Problem requirements ▸ With the pictures omitted, repeat exactly the lines below starting with the line that has "Brosur resmi MIW" and going on through the line that has "Crinkled Paper Bucket Hat Flexfit".

*** Given records Section Begins ***

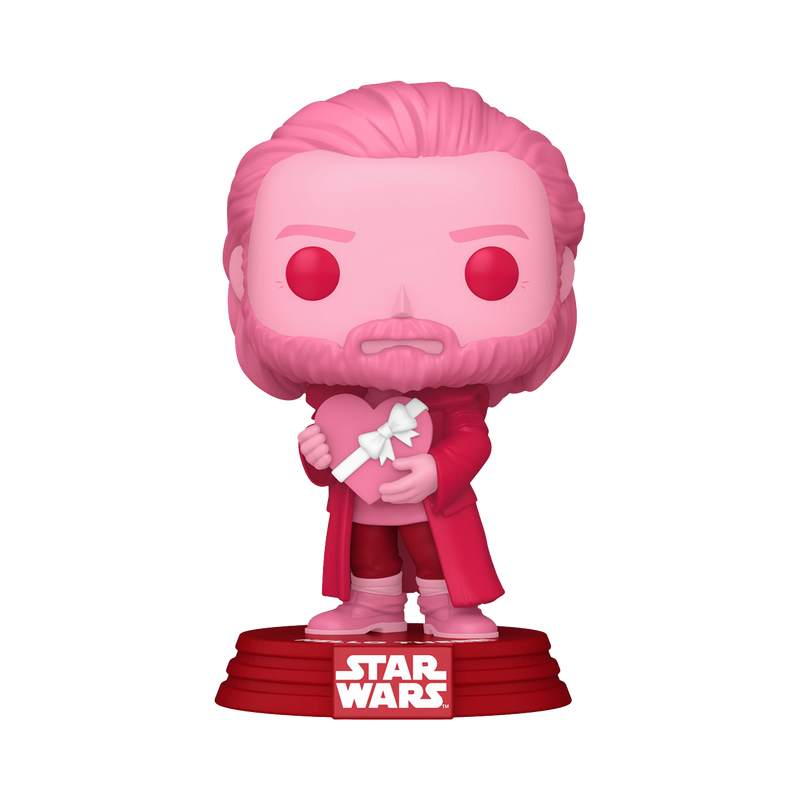 Obi-Wan Kenobi Valentines Funko Pop! Star Wars Vinyl Figure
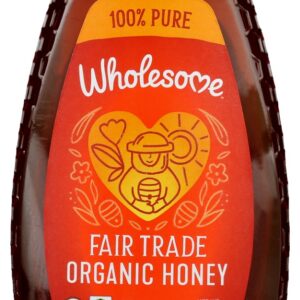 WHOLESOME: Fair Trade Organic Honey, 24 oz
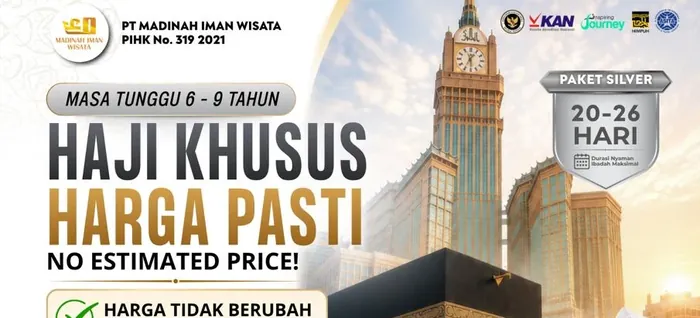 Brosur resmi MIW Haji Khusus paket Silver mulai USD 11.500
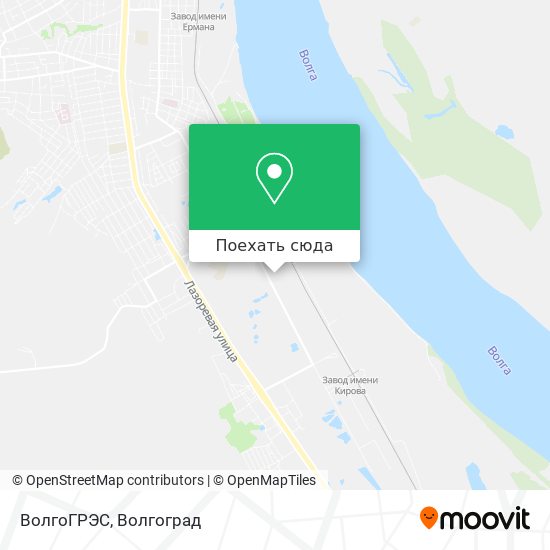 Карта ВолгоГРЭС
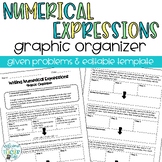 Writing Numerical Expressions | Graphic Organizer Practice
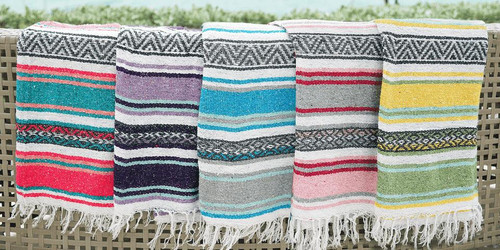 Pastel Stripe 5' x 7' Falsa Beach Blanket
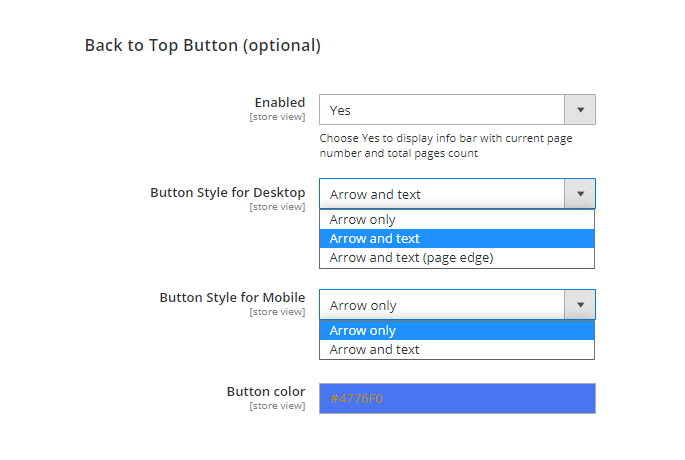 magento 2 infinite scroll infinite scroll back to top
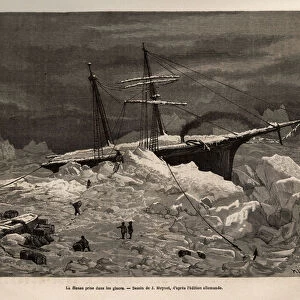 The German ship La Hansa caught in the ice, the crew hasten to unpack the necessary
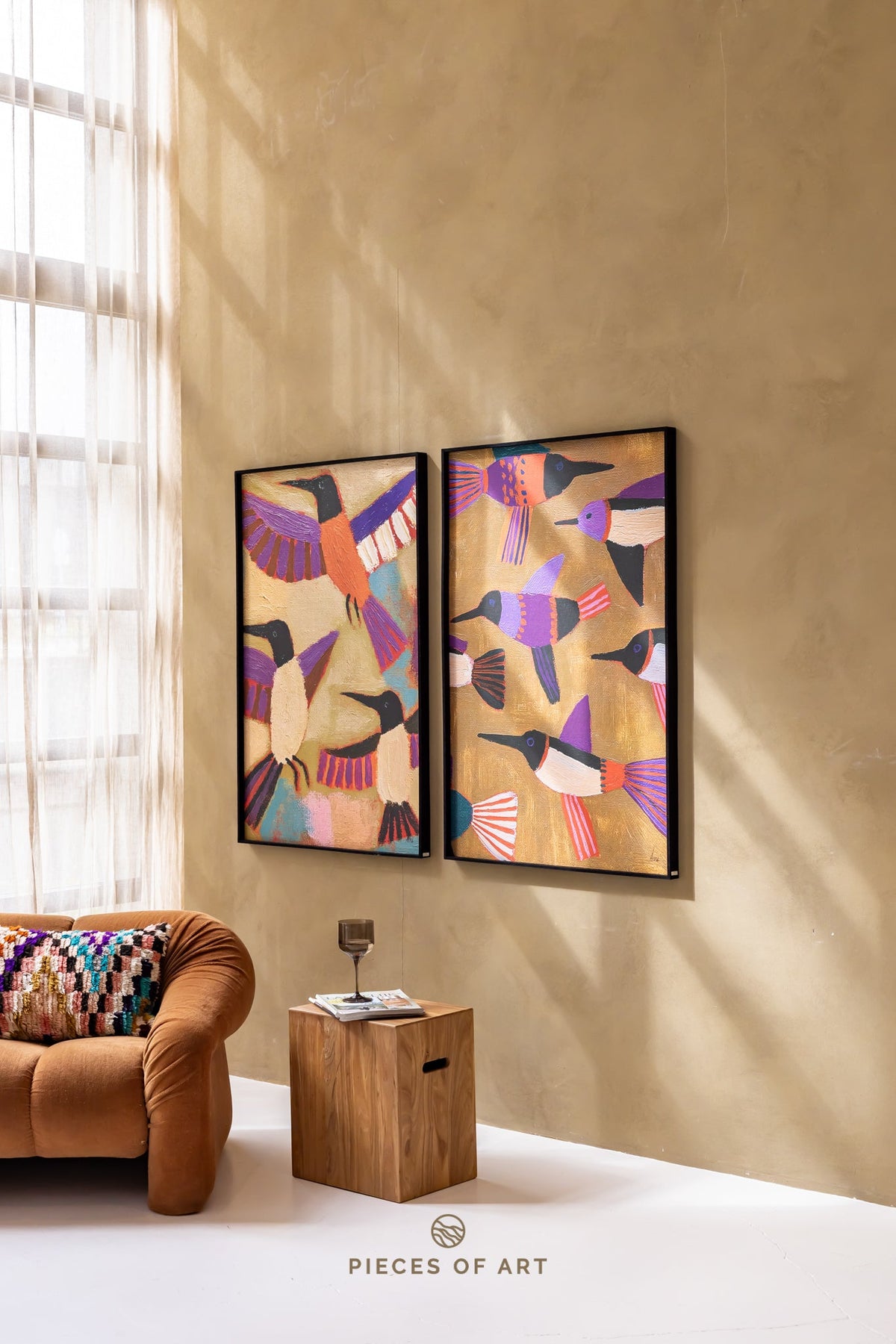 Acoustic art panels, in an office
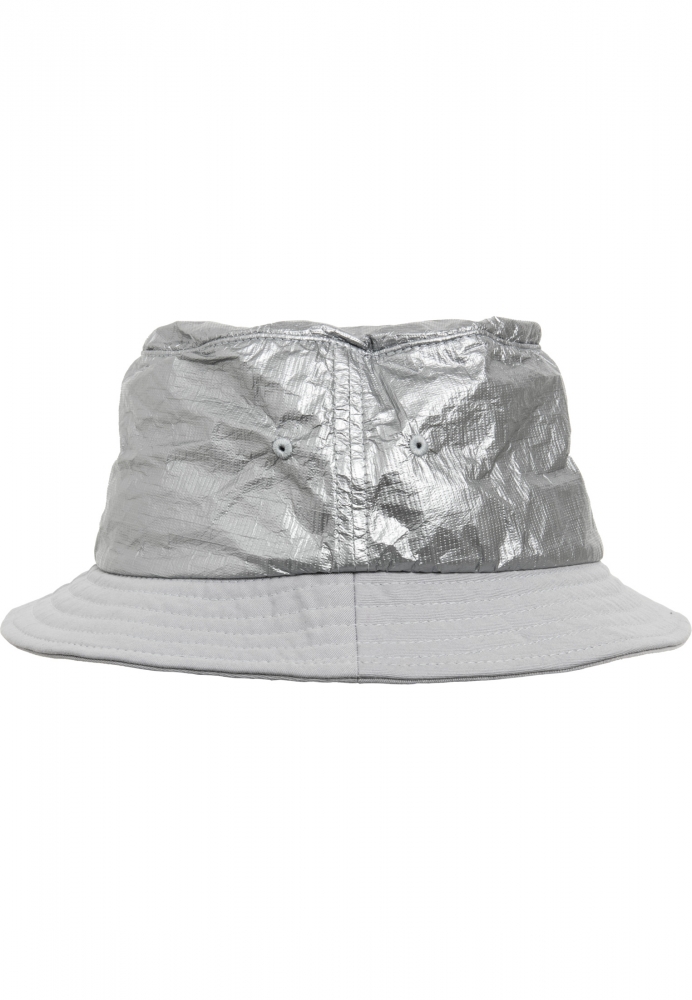 Crinkled Paper Bucket Hat Flexfit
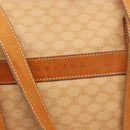 CELINE Macadam Canvas Tote Bag PVC Beige Gold Auth gh363-16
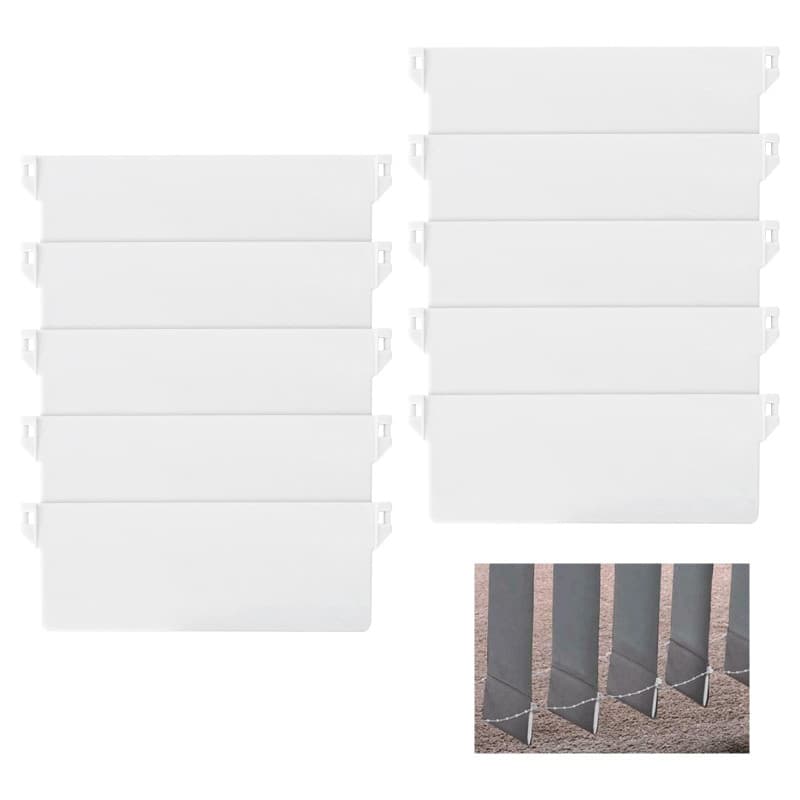 Pack de 10 Poids pour Stores Verticaux - Blanc 127mm - Image 1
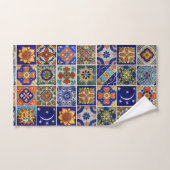 Südweststil Talavera Tile Colorful Badezimmer Badhandtuch Set (Handtuch)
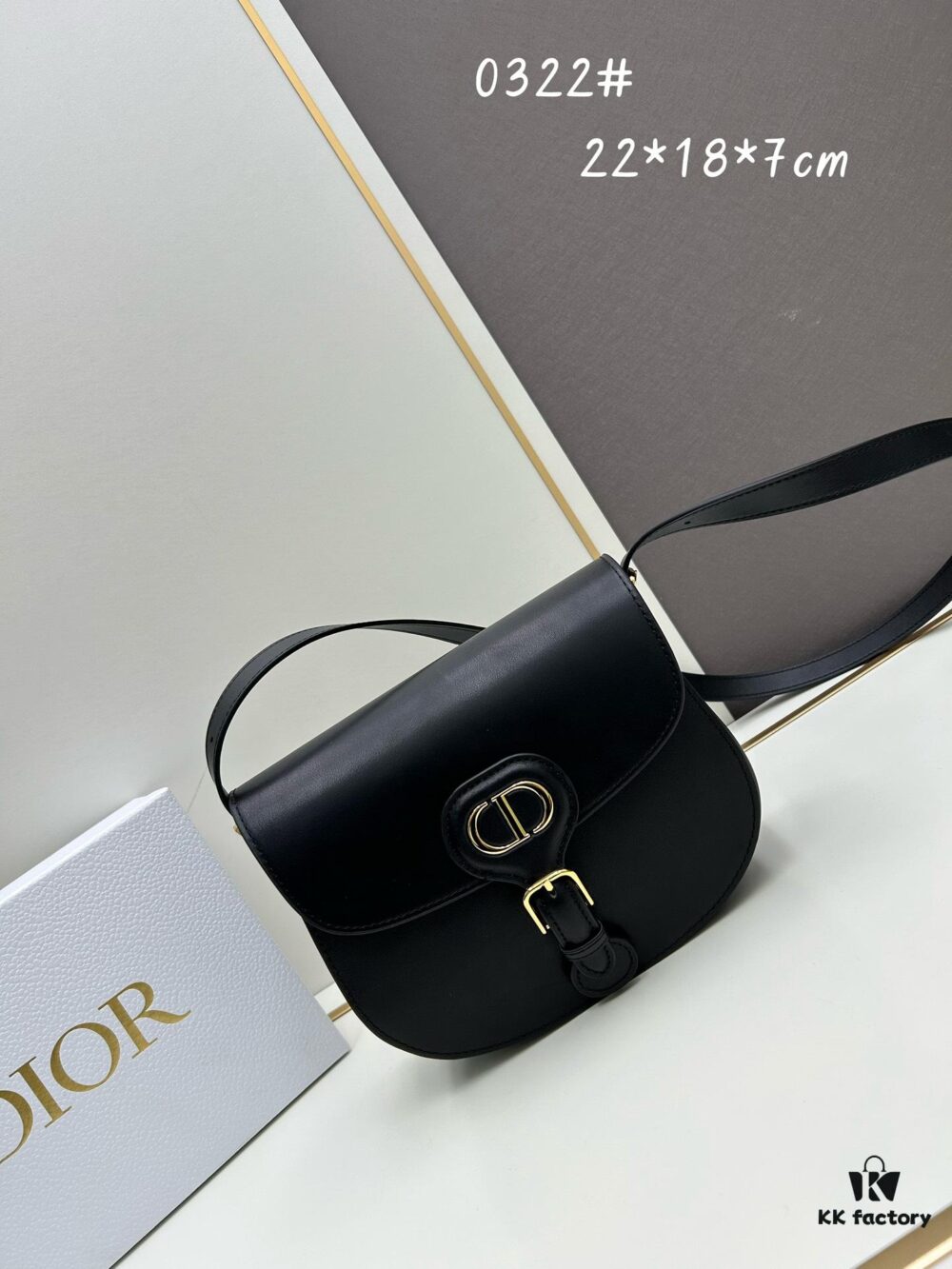 Dior Bobby Tote Bag, Fall New Arrival, Vintage Style, Full-Grain Cowhide Leather, 22 Size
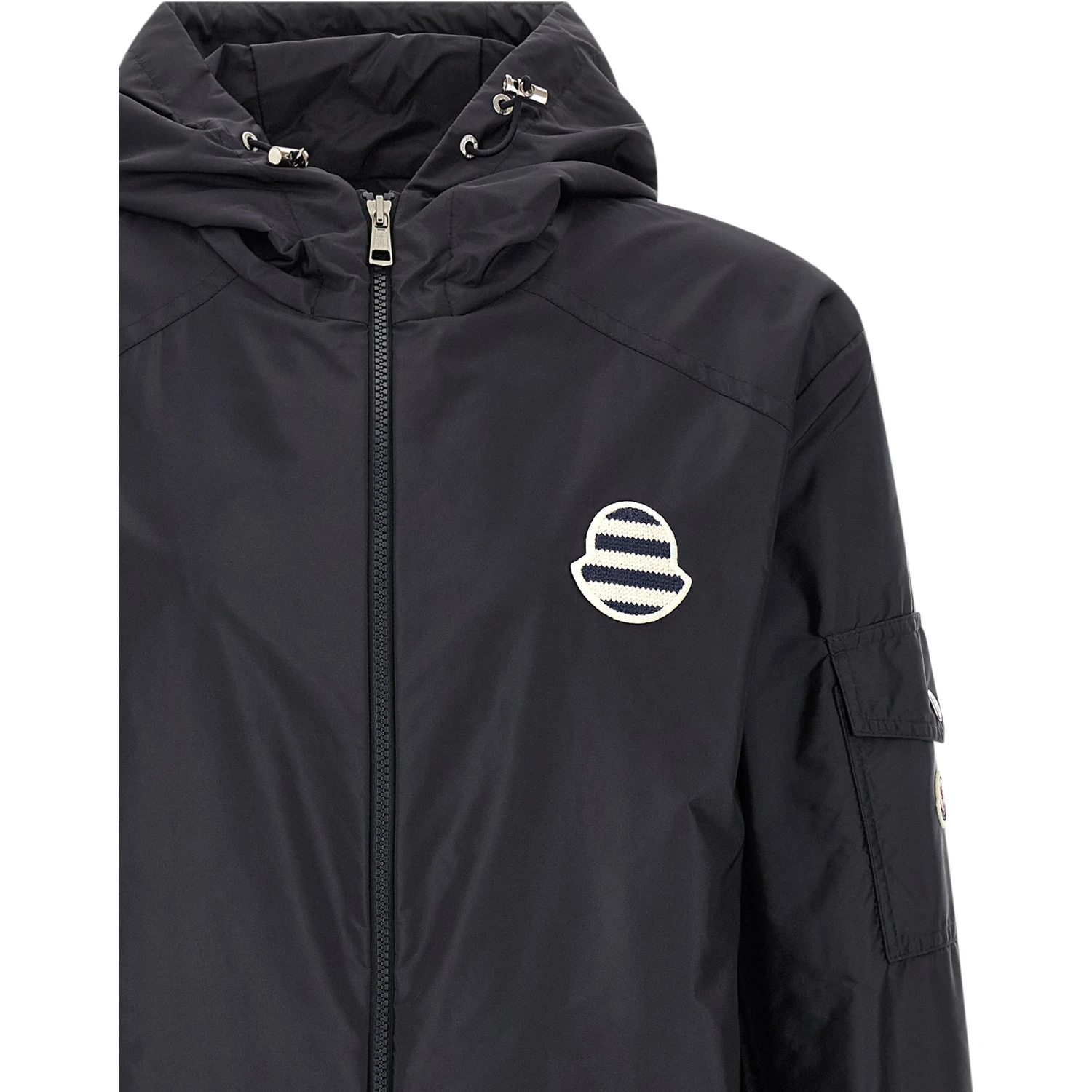 Blue Polyamide Shell Jacket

*** Given records Section Ends ***

Task solution ▸
 Brosur resmi MIW Haji Khusus paket Silver mulai USD 11.500
 Карта ВолгоГРЭС
 Writing Numerical Expressions | Graphic Organizer Practice
 Pastel Stripe 5' x 7' Falsa Beach Blanket
 magento 2 infinite scroll infinite scroll back to top
 The German ship La Hansa caught in the ice, the crew hasten to unpack the necessary
 Acoustic art panels, in an office
 Crinkled Paper Bucket Hat Flexfit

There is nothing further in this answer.